Inhibition of IκB Kinase (IKK) Protects Against Peripheral Nerve Dysfunction of Experimental Diabetes

  • Geeta Negi
  • Shyam S. SharmaEmail author
Article

Abstract

Nuclear factor-κB (NF-κB) has been reported as a critical component of signalling mechanisms involved in the pathogenesis of a number of inflammatory conditions. Previous reports have shown that anti-inflammatory agents have a protective role in experimental diabetic neuropathy.

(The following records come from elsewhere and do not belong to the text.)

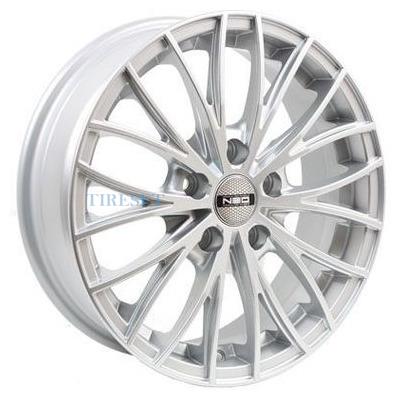 Neo 6,5x16/4x100 ET50 D60,1 671 Silver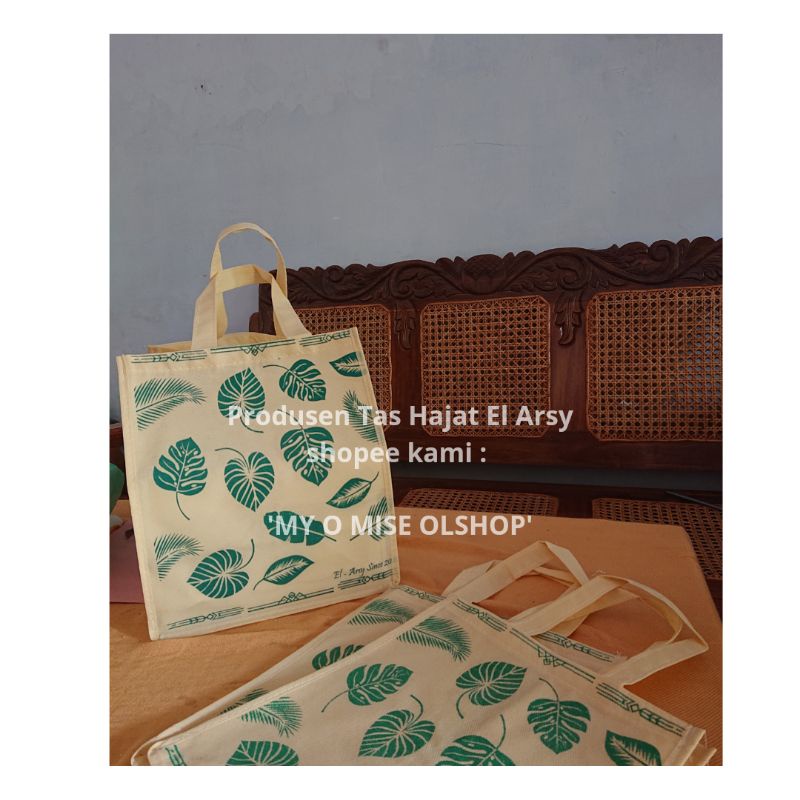 TAS NASI BOX BENTO MONSTERA,TAS NASI KOTAK JANDA BOLONG TERMURAH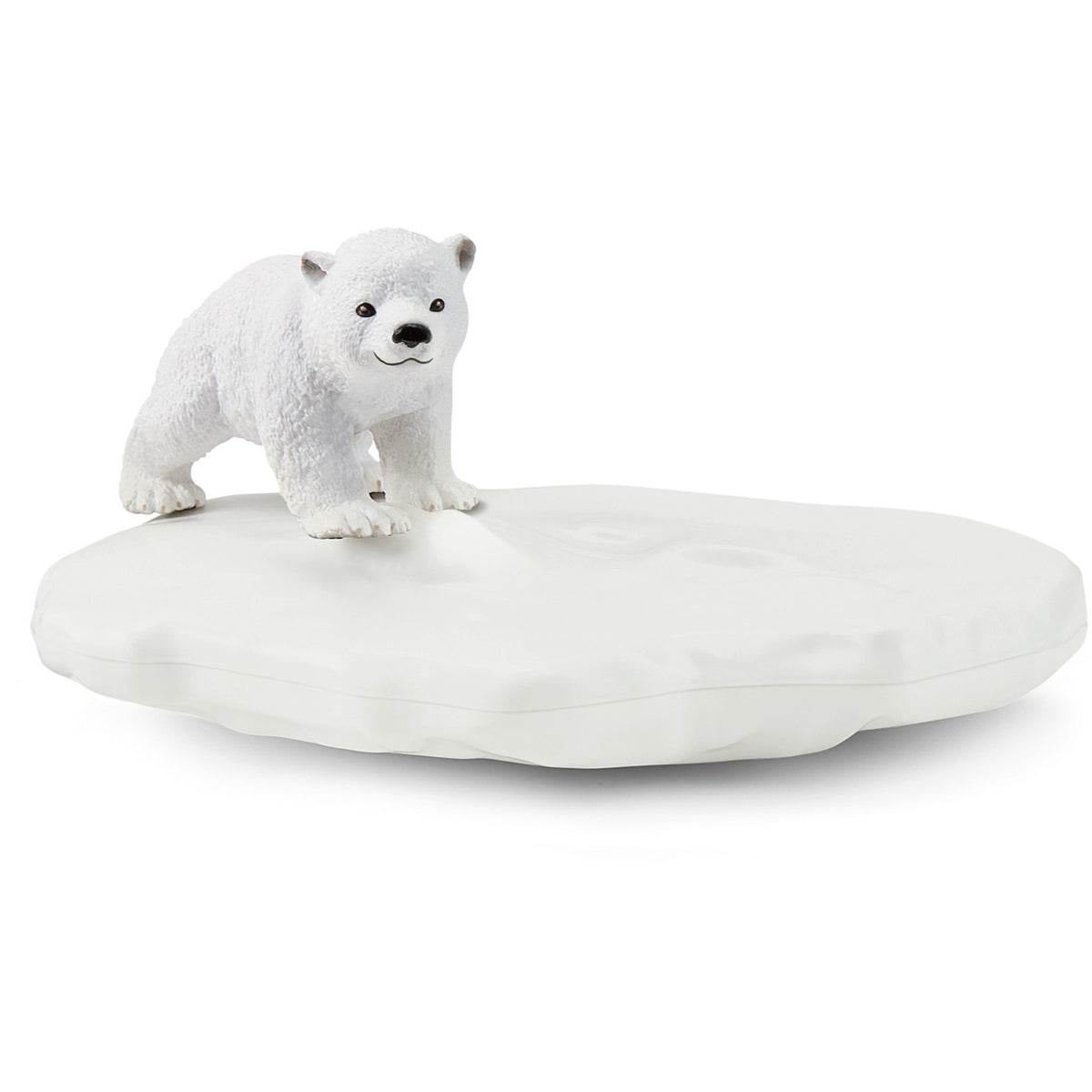 Schleich wild life - figura de juguete de fiesta con tobogán de osos polares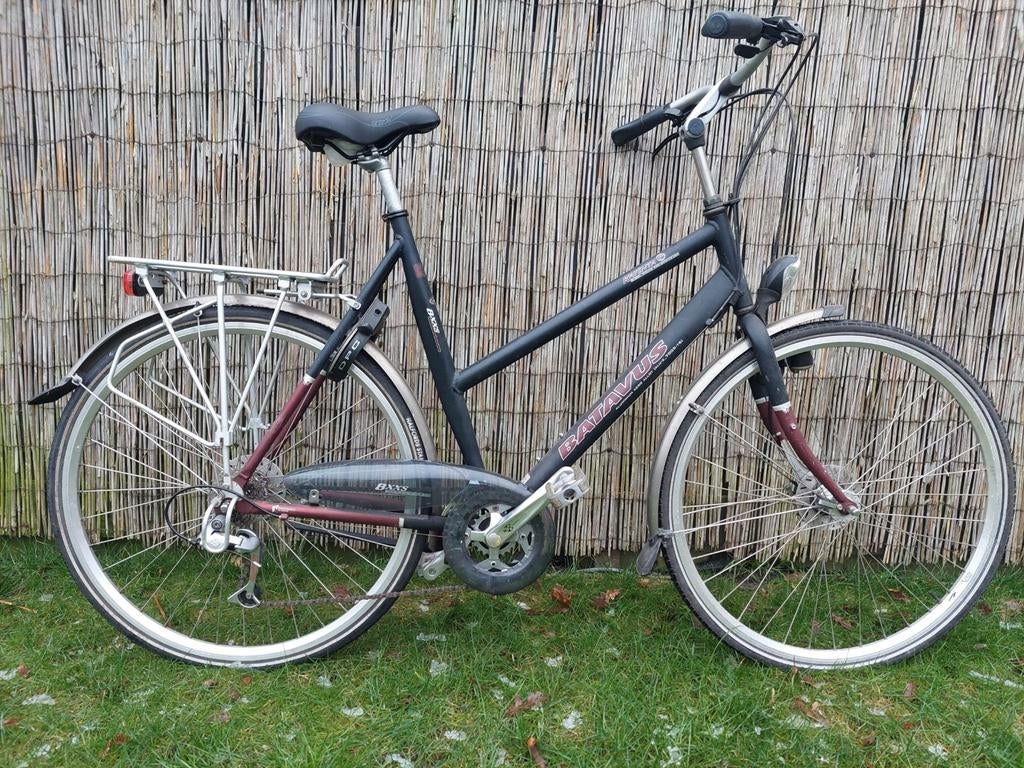 Batavus Kayenta damesfiets, Ophalen, Gebruikt, Meer dan 20 versnellingen, Batavus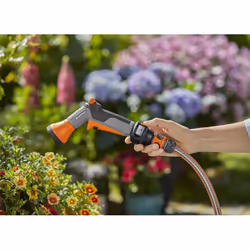 Gardena 18352-20 pistolet eau / buses Pistolet d'arrosage de jardin Noir, Gris, Orange - Vue supplémentaire 5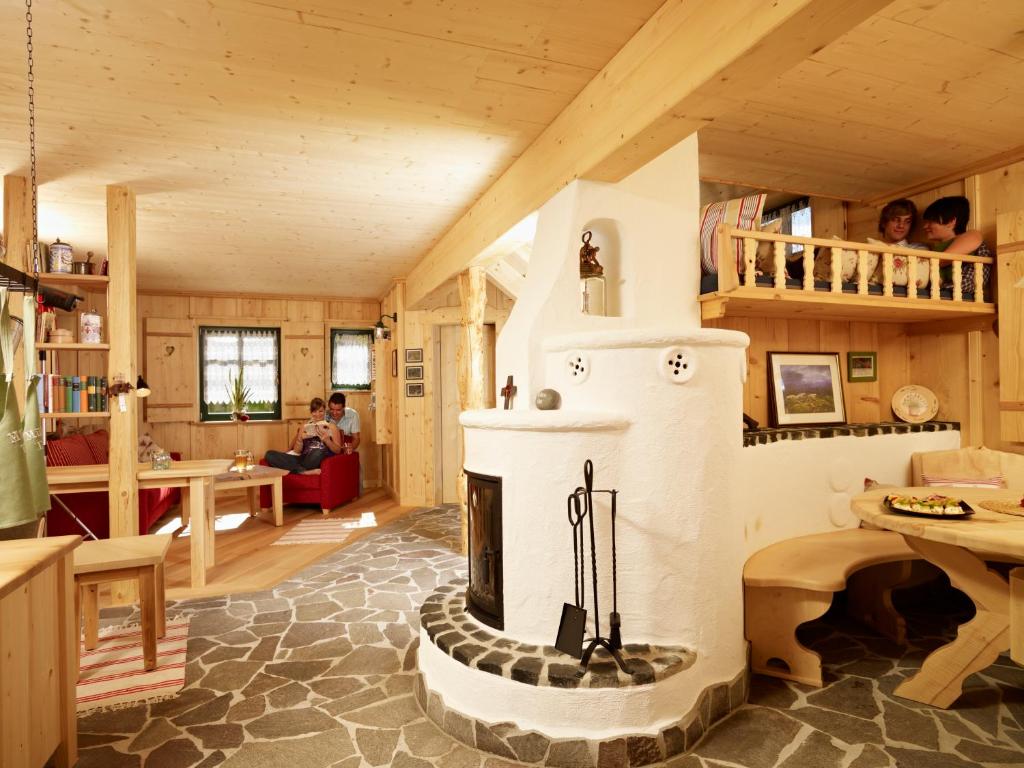 Posezení v ubytování Landgasthof Hessenmühle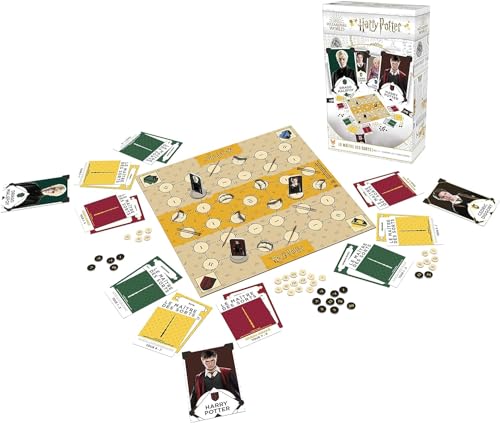 Topi Games Harry Potter – El Maestro de los Hechizos – Juego de Mesa – Juego de Cartas – Familia a Partir de 7 años – 2 a 6 Jugadores – HP-LV-1039001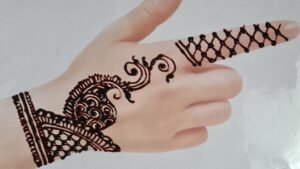 மருதாணி டிசைன் படம்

Here, we assessed whether the inhibition of NF-κB cascade via IκB kinase (IKK) exerts any neuroprotective effect in experimental diabetic neuropathy. IKK inhibitor SC-514 (1 and 3 mg/kg) was administered daily for 2 weeks starting after 6 weeks of streptozotocin-induced diabetes. Nerve conduction and blood flow were determined by Powerlab and LASER Doppler system, respectively. We evaluated the changes in NF-κB, iNOS, and COX-2 expression by Western blotting in sciatic nerve. We found that IKK inhibition with SC-514 increased nerve blood flow and conduction velocity and improved pain threshold in diabetic animals. SC-514 also reduced the expression of NF-κB and phosphorylation of IKKβ in the sciatic nerve. Treatment with SC-514 reduced the elevated levels of pro-inflammatory cytokines (TNF-α and IL-6), iNOS, and COX-2. SC-514 reduces the expression of NF-κB and its downstream inflammatory components which may be involved in the improvement in nerve functions and pain perception in diabetic neuropathy. From the data of the present study, we suggest that diminution in IKK can be exploited as a drug target to significantly reduce the development of long-term complications of diabetes, particularly neuropathy.

Keywords

Diabetic neuropathy NF-κB IKK IκB SC-514 

Notes

Acknowledgments

This study was financially supported by the Council of Scientific and Industrial Research (CSIR, New Delhi, India) and Department of Pharmaceuticals, Ministry of Chemicals and Fertilizers, Government of India to Dr. S.S. Sharma. Ms Geeta Negi is a recipient of CSIR-NET research fellowship.

Conflict of Interest

All the authors have no competing interests.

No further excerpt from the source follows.